For ancient history teacher Felicia Rodman, one of the most important lessons for her students to understand is that learning is messy... and that’s okay.
Learning is messy. Mistakes are made and made again. Successfully reaching a goal is great but knowing and understanding how you got there is often more important. This is the lesson that Felicia Rodman hopes that her students take away from each of her ancient history classes.
“If everything was perfect, we wouldn’t need school. We’re in this together,” said Mrs. Rodman, a teacher, dorm parent, and coach.
She encourages her students to take responsibility for their own learning and to improve their communication skills. She reminds them that they’re human—and so is she—and that they’ll learn from each other, the good and the bad.
“They won’t have all the answers, and I let them know that neither will I, but we can actively work to improve ourselves as people and our knowledge,” she said, adding that the students keep her on her toes.
She did not grow up dreaming of being a teacher. She fell into the profession after graduating from the University of Maine, Orono, with a bachelor’s degree in classical studies and working as a mentor for a series of summers at the Salisbury School, where she ultimately oversaw its English Language Learners program.
“Working with international students resonated in my soul. How cool is it to know people from a totally different place than yourself?” she said.
She later obtained a master’s degree in applied linguistics and TESOL from Central Connecticut State University, walked into the classroom, and hasn’t looked back. A lover of culture, languages, and history, she takes each of her ancient history classes on a journey through time, makes connections with current day, and helps them become comfortable with the messiness of learning.
Communication is key, whether it be in the classroom, on the athletic field or stage, or in the “adult” world. To this end, and, she said, to reduce her time spent on social media, Mrs. Rodman is learning Korean using the Duolingo app and with help from her students, particularly Heehu K. ’23 and Ian L. ‘23.
“Learning another language anchors me in a way and gives me a new way to connect with my students. It reminds me of the struggles some of my students have as they learn content in a language that is not their first or, maybe, their second language,” she said.

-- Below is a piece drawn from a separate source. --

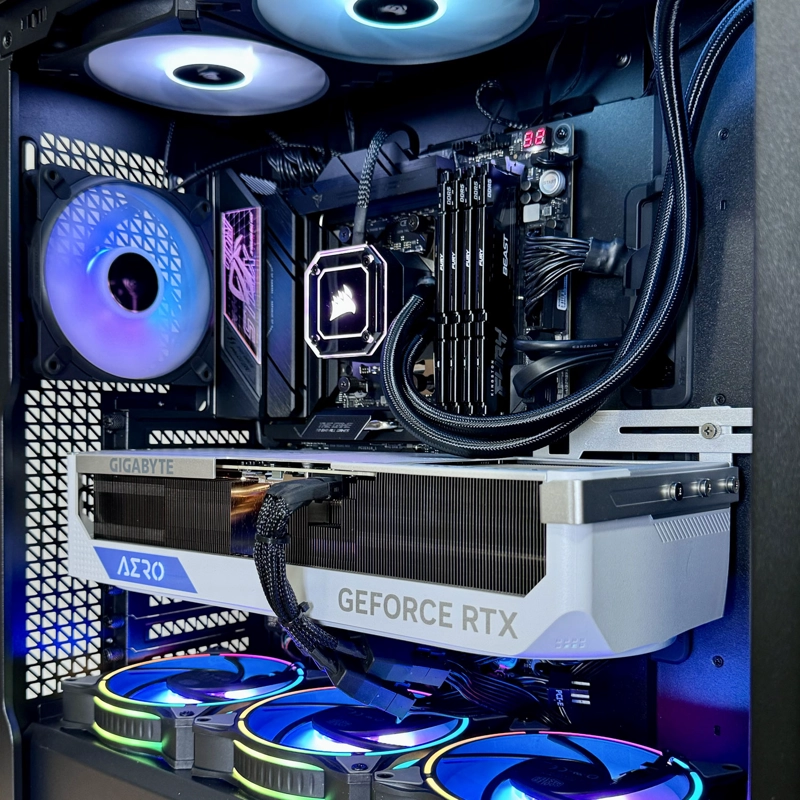 PC COMPU ELITE WORKSTATION INTEL I9 14900KF + 64GB + QUADRO RTX A4500 - 5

Although the content is relatively the same each year—she teaches ancient history—she looks to her students for ideas, based on their learning styles and academic needs, to adjust and refine her lessons and activities. Sometimes that means incorporating her outside-the-classroom likes with her daily lesson plans.
Stories of hiking, dream travel destinations, favorite books, Japanese art, and even her love of cats, crocheting, and anime can be incorporated into a lesson when students least expect it.
“I like getting outside and traveling when I can. I like meeting new people and experiencing new things. That’s why I like history so much,” she said.
She uses meditation and aromatherapy in her classroom to reset student energy and focus (especially after lunch and break), allowing them time to check their emotions, focus on their breath, and think about what they want to get out of the class that day. It’s a practice she started pre-pandemic and one that the students appreciate.
“I enjoy bringing my passion for history and life around the world to my students. I want them to know that the word is a beautiful place to be explored and help them see the connections between people and the groups,” she said. “This helps them understand relationships, how conflicts can get started, and possibly help us identify patterns that we fall into today.”
She also shows her students the importance to nurture their friendships and connections with the people around them.
“The community of adults at Rectory keeps me going. The connections and support, the freedom to teach, is what have kept me here as long as I have been. The emotional support and friendships made are invaluable,” she said.